WHAT THE EXERCISE ASKS » Starting with the line that contains "LAVALLOL 105, esquina GALLI, Isidro Casanova" and stopping after the line that contains "Moderna,sofisticada y Majestuosa", copy the entries below exactly. Include nothing else.

EXERCISE MATERIAL »
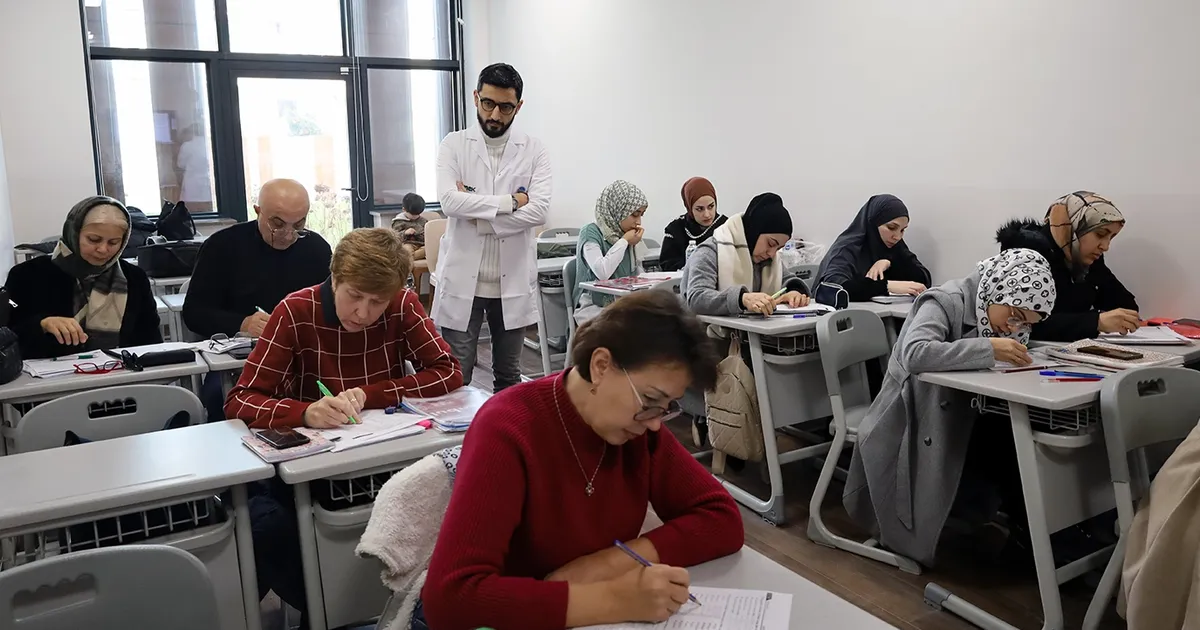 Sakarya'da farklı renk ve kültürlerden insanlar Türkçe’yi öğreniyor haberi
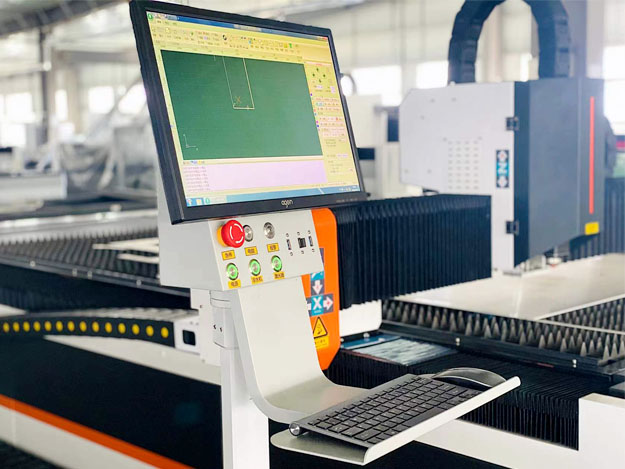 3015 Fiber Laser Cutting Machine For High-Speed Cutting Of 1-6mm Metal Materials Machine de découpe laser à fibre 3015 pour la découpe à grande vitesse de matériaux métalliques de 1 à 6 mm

==

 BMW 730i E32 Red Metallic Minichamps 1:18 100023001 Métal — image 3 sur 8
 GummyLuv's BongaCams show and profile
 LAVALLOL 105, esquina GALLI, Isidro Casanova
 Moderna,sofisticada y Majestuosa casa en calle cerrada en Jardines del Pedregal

---

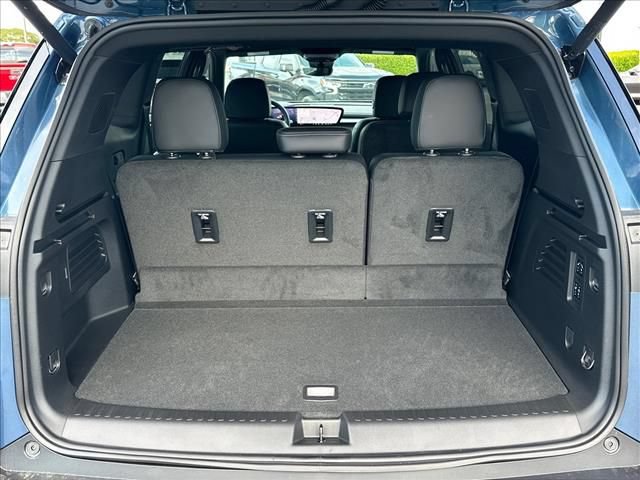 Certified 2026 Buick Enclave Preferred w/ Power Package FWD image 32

YOUR RESPONSE »
 LAVALLOL 105, esquina GALLI, Isidro Casanova
 Moderna,sofisticada y Majestuosa casa en calle cerrada en Jardines del Pedregal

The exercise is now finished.